Capitalized terms used but not defined herein have the meanings provided in the Note Purchase Agreement (as defined below) or the Security Agreement.
“CDS List”: The list of Collateral Debt Securities provided by the Seller to the Buyer on each Purchase Date as incorporated as Schedule I to this Agreement by reference, as such list may be amended, supplemented or modified from time to time in accordance with this Agreement.
“Collections” means, with respect to any Purchased Assets, all principal payments, interest payments, fees and other payments received by the Issuer with respect thereto and all other amounts paid with respect to such Purchased Assets, including dividends of any type, distributions with respect thereto and any proceeds of collateral for, or any guaranty of, such Purchased Assets or the relevant Obligor’s obligation to make payments with respect thereto.
“Cut-Off Date”: With respect to each Collateral Debt Security purchased hereunder, the date on and after which collections on such Collateral Debt Security are to be transferred to the Buyer.

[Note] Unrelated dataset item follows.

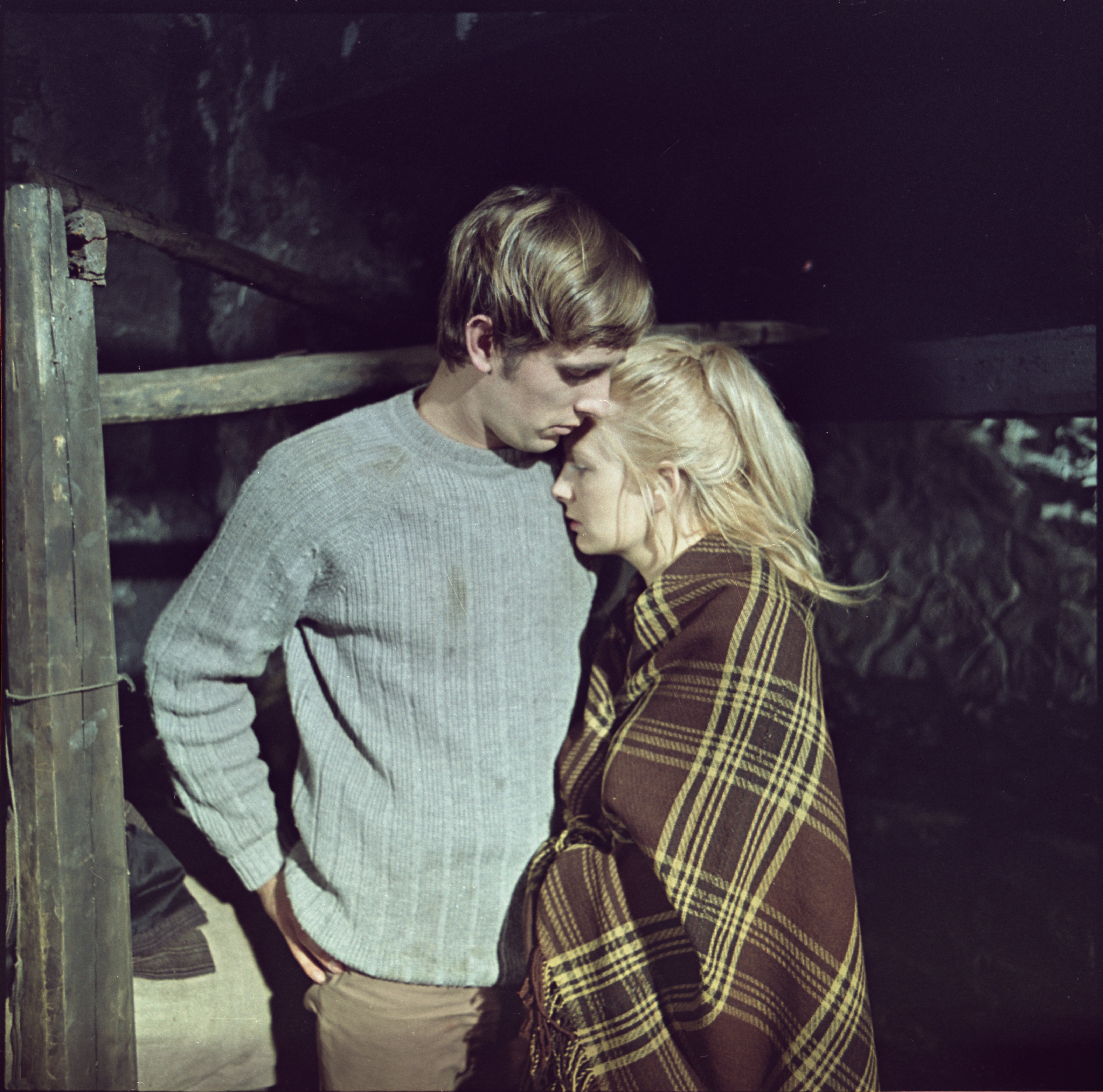 EFA 0-221816. Mängufilm “Väike reekviem suupillile” – Kristiine – Eve Kivi ja Jaan – Lembit Ulfsak. Foto: Tallinnfilm, 1971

“Excluded Amounts”: (a) Any amount received in the Concentration Account by, on or with respect to any Collateral Debt Security included as part of the Purchased Assets, which amount is attributable to the payment of any tax, fee or other charge imposed by any governmental authority on such Collateral Debt Security, and (b) any amount received into any other account representing (i) any amount representing a reimbursement of insurance premiums, (ii) any escrows relating to taxes, insurance and other amounts in connection with Collateral Debt Securities which are held in an escrow account for the benefit of the Obligor and the secured party pursuant to escrow arrangements under the Underlying Instruments, (iii) any fee retained by the Seller in connection with the origination of any Collateral Debt Security, and (iv) any fees or similar charges which are permitted to be retained by the Collateral Manager under the Collateral Management Agreement.

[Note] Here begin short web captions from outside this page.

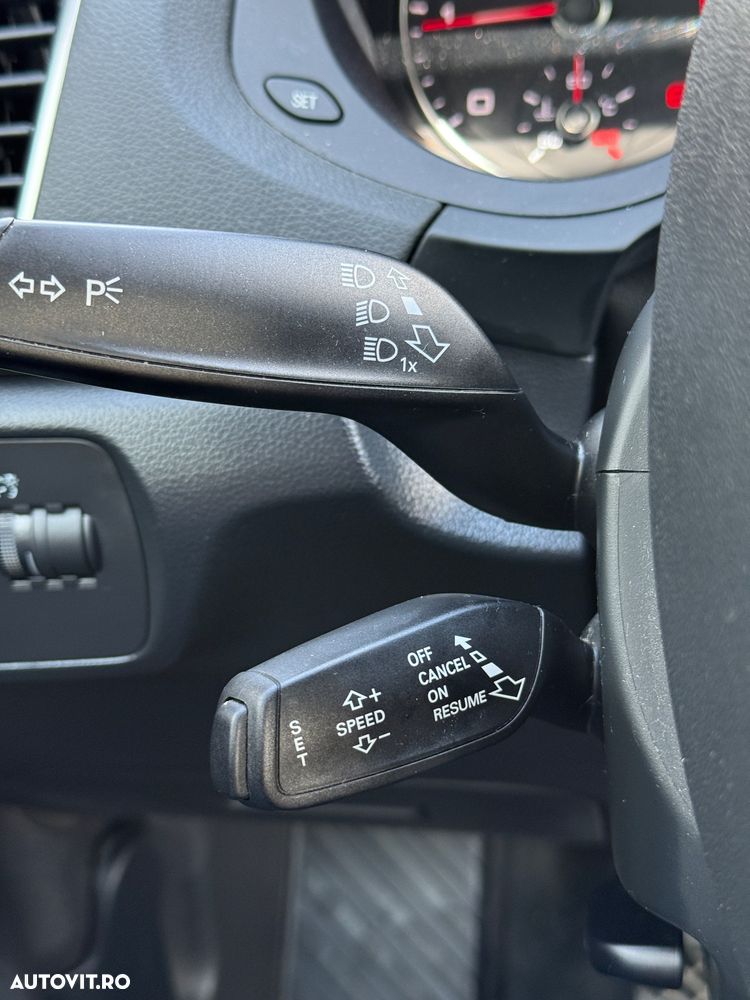 Audi Q3 2.0 TDI Sport - 33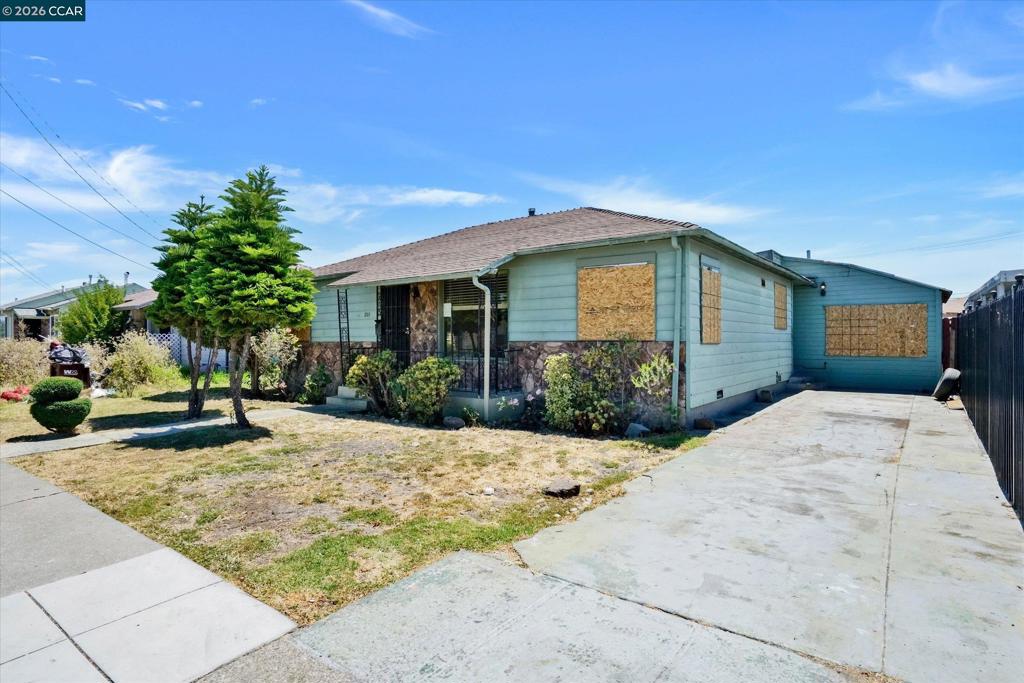 226 Tunis Rd Property Photo 1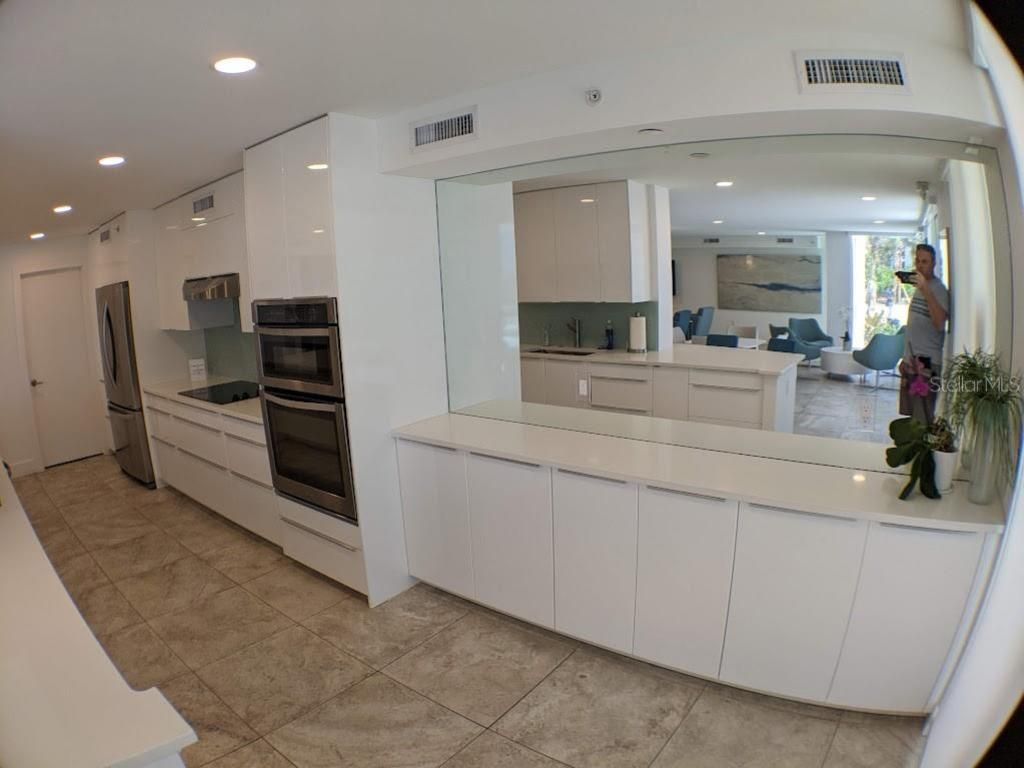 2425 Gulf Of Mexico Drive, Unit 14B, Longboat Key, FL 34228 Photo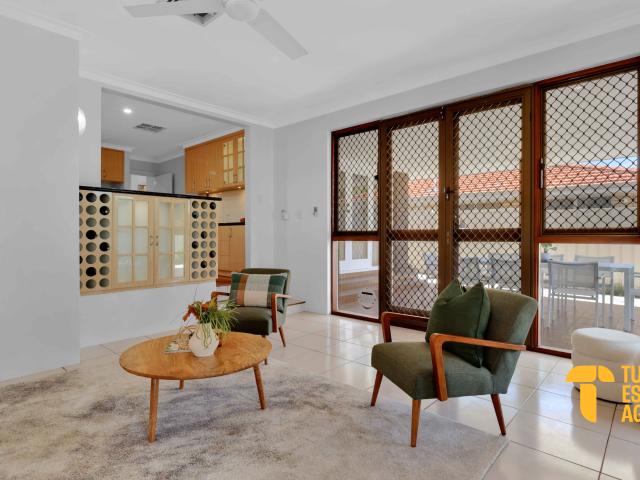House for sale in Booragoon, City of Melville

“Purchase”: A purchase or other acquisition by the Buyer of Purchased Assets from or as directed or referred by the Seller pursuant to Section 2.1 or otherwise contemplated by this Agreement.
“Purchase Date”: Any day on which any Purchased Assets is acquired by the Buyer pursuant to the terms of this Agreement.

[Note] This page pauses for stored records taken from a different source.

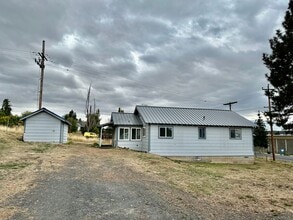 Building Photo - 3528 Lakeport Blvd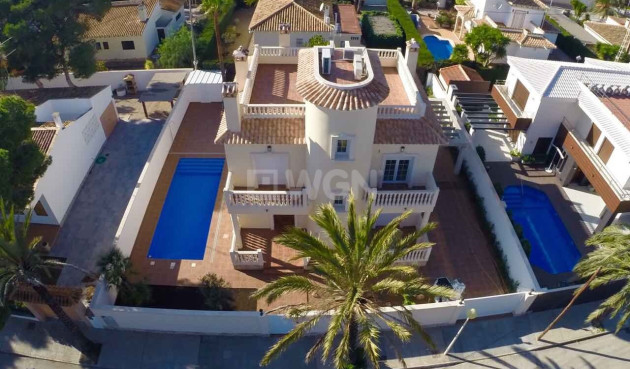 Odsprzedaż - Villa - Cabo Roig - Costa Blanca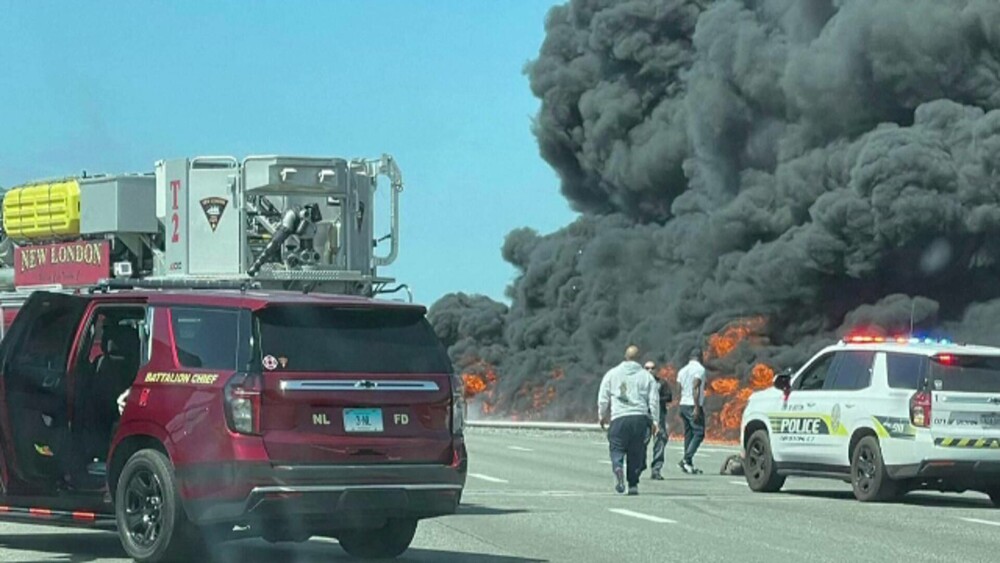 Accident înfiorător. O cisternă plină cu combustibil a fost lovită de o mașină și a luat foc | GALERIE FOTO - Imaginea 6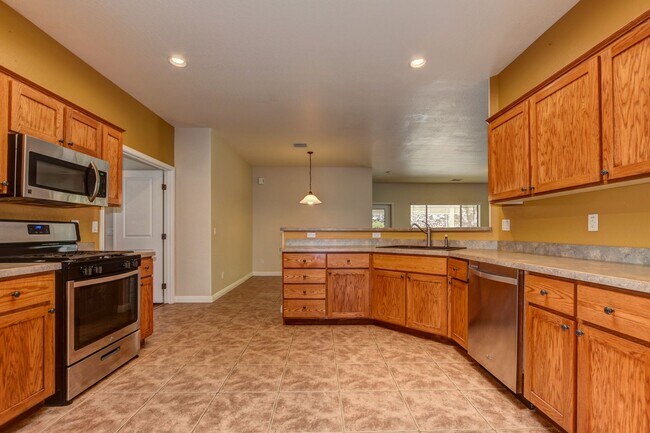 Building Photo - Beautiful home near Willow Lake!
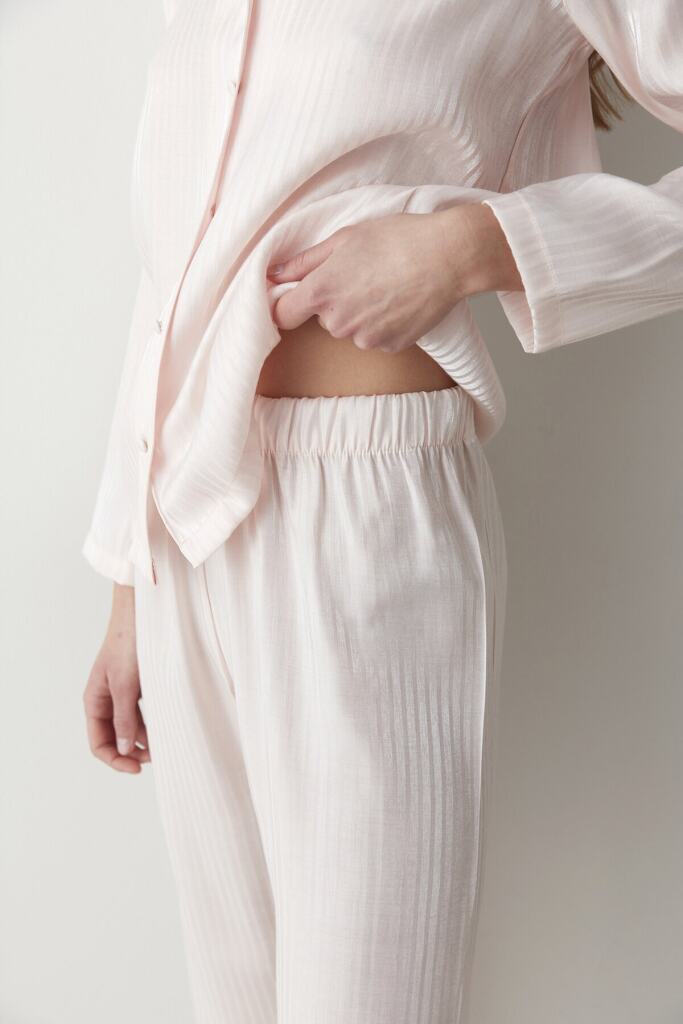 ⁦light pink pyjama⁩ - الصورة ⁦2⁩
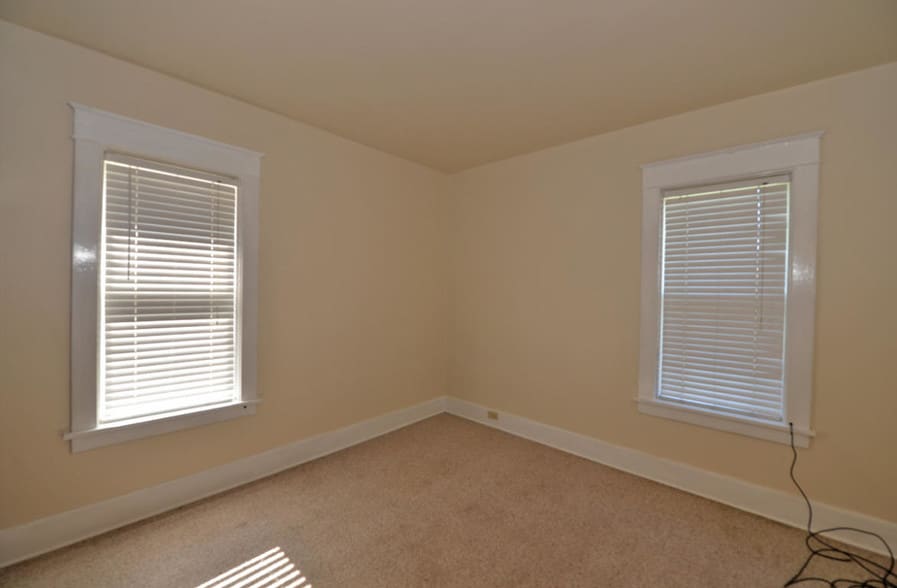 Large Bedroom pic 2 - 1106 David St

“Purchase Price”: Defined in Section 2.2.
“Note Purchase Agreement”: The Note Purchase Agreement, dated as of the date hereof, among the Buyer, as issuer, the Seller, as limited recourse provider, the Investors, the Xxxxxxxx Xxxxx, XXX-0 Funding, LLC, as Swingline Investor, and the Trustee.
Section 1.2. Other Terms.
Sections 1.2 through 1.5 of the Note Purchase Agreement are hereby incorporated herein by reference, mutatis mutandis.
ARTICLE II
SALE, TRANSFER AND ASSIGNMENT
Section 2.1. Sale, Transfer and Assignment.
(a) On the terms and subject to the conditions set forth in this Agreement, on each Purchase Date, the Seller hereby sells, transfers, assigns, sets over and otherwise conveys to the Buyer, and the Buyer hereby Purchases and takes from the Seller, all right, title and interest (whether now owned or hereafter acquired or arising and wherever located) of the Seller, in the property identified in clauses (i) through (iii) below and all accounts, cash and currency, chattel paper, tangible chattel paper, electronic chattel paper, copyrights, copyright licenses, equipment, fixtures, general intangibles, instruments, commercial tort claims, deposit accounts, inventory, investment property, letter-of-credit rights, software, supporting obligations, accessions, and other property consisting of, arising out of, or related to any of the following (in each case excluding any Retained Security and any Excluded Amounts) (collectively, the “Purchased Assets”):
(i) the Collateral Debt Securities listed on each CDS List delivered by the Seller to the Buyer from time to time pursuant to this Agreement and all Collections in respect thereof on and after the related Cut-Off Date;
(ii) the Underlying Instruments related to such Collateral Debt Securities; and
(iii) all income and proceeds of the foregoing.
(b) From and after any Purchase Date, the Purchased Assets listed in the CDS List shall be deemed to be Purchased Assets hereunder.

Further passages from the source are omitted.